648 papers. Leaked.

Most ML pipelines leak. Most teams don't know.

Thirty fields. Published and cited before anyone noticed. Not sloppy code. Structural errors the tools made invisible.

648: Kapoor & Narayanan, living survey (2025). 329: arXiv preprint (2022). 294: published in Patterns (2023).

The numbers looked right. The predictions didn't replicate. The tools never flagged it because they weren't designed to. Leakage isn't a bug. It's a missing type.

A Grammar of Machine Learning Workflows

Roth, S. (2026). EPAGOGY. arXiv:2603.10742

The problem

648 published papers across 30 scientific fields contain data leakage (Kapoor & Narayanan, 2025). The predictions looked right. They didn't replicate. The dominant response has been documentation: checklists, linters, best-practice guides. Documentation reduces errors but does not close structural failures. You can follow every checklist and still leak — because the tools never made the wrong thing impossible.

Why a grammar

Every domain that needed to compose complex artifacts eventually developed a grammar. Chomsky decomposed language into phrase rules (1957). Bertin decomposed cartography into seven retinal variables (1967). Codd decomposed databases into eight relational operators (1970). Wickham decomposed statistical graphics into layers, scales, and coordinates (2010). A grammar is not aspirational — it is an artifact of maturity.

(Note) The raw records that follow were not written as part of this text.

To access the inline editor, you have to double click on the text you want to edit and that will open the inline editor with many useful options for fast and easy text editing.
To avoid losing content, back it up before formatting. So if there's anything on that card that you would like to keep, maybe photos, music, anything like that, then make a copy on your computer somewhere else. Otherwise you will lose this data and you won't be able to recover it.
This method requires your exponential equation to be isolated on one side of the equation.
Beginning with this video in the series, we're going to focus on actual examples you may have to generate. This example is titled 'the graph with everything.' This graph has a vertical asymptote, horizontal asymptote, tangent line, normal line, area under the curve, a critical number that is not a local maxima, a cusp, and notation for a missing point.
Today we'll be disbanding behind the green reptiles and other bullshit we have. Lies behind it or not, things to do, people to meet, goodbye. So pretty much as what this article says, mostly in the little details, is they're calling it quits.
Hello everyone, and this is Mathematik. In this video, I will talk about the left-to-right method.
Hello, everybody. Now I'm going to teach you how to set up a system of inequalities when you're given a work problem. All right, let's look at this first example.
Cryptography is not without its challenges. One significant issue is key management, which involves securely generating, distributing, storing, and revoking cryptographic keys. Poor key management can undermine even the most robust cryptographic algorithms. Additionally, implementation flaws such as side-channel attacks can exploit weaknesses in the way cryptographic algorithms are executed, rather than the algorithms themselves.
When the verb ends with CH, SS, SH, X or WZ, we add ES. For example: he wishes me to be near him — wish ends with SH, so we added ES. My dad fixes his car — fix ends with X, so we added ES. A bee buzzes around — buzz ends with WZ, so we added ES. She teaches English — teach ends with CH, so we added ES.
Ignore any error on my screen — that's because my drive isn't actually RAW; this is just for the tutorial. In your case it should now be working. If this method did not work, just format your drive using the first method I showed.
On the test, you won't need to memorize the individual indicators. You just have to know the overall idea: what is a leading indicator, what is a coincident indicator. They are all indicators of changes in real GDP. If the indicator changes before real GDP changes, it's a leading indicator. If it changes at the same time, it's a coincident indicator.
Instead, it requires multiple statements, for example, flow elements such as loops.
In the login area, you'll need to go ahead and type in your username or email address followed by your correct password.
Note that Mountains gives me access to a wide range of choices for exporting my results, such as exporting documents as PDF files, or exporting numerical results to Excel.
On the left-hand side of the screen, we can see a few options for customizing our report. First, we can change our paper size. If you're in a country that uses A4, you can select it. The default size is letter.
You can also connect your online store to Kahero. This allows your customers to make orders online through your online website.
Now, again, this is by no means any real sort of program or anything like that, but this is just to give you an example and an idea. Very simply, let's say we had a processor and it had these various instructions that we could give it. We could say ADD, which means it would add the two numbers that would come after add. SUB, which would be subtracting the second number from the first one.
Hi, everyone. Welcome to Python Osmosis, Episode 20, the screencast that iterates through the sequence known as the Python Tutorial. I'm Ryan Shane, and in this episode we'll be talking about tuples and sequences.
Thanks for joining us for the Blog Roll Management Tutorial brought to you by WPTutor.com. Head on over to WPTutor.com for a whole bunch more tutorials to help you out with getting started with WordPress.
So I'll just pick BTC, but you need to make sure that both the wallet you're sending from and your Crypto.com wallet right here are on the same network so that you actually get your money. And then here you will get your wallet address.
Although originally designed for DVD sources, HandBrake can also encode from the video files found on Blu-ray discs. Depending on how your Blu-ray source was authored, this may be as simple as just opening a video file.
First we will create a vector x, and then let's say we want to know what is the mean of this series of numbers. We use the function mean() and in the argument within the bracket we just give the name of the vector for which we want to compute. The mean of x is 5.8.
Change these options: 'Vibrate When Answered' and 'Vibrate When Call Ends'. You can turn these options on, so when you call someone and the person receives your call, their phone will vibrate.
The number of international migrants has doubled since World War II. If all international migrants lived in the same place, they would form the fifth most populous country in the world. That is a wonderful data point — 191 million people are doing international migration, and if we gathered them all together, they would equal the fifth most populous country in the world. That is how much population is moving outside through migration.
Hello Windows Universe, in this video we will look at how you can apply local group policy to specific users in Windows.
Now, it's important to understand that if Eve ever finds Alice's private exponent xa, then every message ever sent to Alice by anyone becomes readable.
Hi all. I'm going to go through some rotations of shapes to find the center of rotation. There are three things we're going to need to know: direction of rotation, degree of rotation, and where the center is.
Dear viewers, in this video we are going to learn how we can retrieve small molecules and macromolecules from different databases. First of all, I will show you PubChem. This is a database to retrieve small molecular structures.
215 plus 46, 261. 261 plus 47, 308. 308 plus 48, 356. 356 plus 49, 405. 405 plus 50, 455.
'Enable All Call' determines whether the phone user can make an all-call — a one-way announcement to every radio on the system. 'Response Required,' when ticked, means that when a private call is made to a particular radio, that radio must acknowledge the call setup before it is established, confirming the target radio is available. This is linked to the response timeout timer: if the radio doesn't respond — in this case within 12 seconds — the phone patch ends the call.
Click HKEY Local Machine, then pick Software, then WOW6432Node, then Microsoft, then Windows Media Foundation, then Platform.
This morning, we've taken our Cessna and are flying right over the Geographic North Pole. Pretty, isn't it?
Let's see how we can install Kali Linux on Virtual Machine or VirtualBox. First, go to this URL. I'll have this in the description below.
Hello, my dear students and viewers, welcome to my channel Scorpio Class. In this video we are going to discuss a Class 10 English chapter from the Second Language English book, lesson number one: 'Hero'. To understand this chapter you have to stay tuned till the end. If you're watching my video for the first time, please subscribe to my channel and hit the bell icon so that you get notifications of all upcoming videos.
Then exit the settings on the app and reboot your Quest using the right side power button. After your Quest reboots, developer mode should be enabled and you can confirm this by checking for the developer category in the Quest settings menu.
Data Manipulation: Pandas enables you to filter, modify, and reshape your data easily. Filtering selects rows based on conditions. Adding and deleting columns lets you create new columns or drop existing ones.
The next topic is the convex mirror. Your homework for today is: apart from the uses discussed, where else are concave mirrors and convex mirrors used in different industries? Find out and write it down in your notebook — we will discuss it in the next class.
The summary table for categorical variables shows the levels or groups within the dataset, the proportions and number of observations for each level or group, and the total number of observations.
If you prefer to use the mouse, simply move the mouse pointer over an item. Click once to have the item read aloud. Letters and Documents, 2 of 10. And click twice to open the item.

Machine learning has libraries, frameworks, and AutoML systems. It does not have a grammar. This paper proposes one: 8 kernel primitives connected by a typed directed acyclic graph (DAG), with four hard constraints that reject the two most damaging leakage classes at call time.

The core contribution

Every ML workflow has two fundamentally different operations: evaluate (cheap, repeatable, drives iteration) and assess (terminal, once, seals commitment). Every practitioner knows this distinction. No framework enforced it — until now.

The grammar's central mechanism is the terminal assess constraint: assess() returns a nominally distinct Evidence type, not Metrics. A second call on the same hold-out test set raises. This is not a convention. It is a guard that fires at call time. The wrong workflow does not produce a wrong answer — it does not run.

What exists today

sklearn prevents some preprocessing leakage inside Pipeline. It has no evaluate/assess distinction and no structural rejection mechanism. tidymodels enforces per-fold preprocessing through recipes — the closest prior work and an important predecessor. It does not enforce terminal assess. mlr3 provides formally typed PipeOps, a composition model but not a grammar. NBLyzer tracks partition labels through abstract interpretation with 93% precision — but detects leakage after the workflow is written, not at call time.

No existing framework enforces the evaluate/assess boundary. That is the gap this grammar fills.

What the grammar does not do

Chomsky observed that “colorless green ideas sleep furiously” is grammatically valid but semantically nonsense. The ML analogue: logistic regression on 1M rows when XGBoost dominates, accuracy on a 99/1 class split, k-fold CV on time series. All structurally valid. All poor decisions. A grammar prevents accidents. It does not prevent bad judgment.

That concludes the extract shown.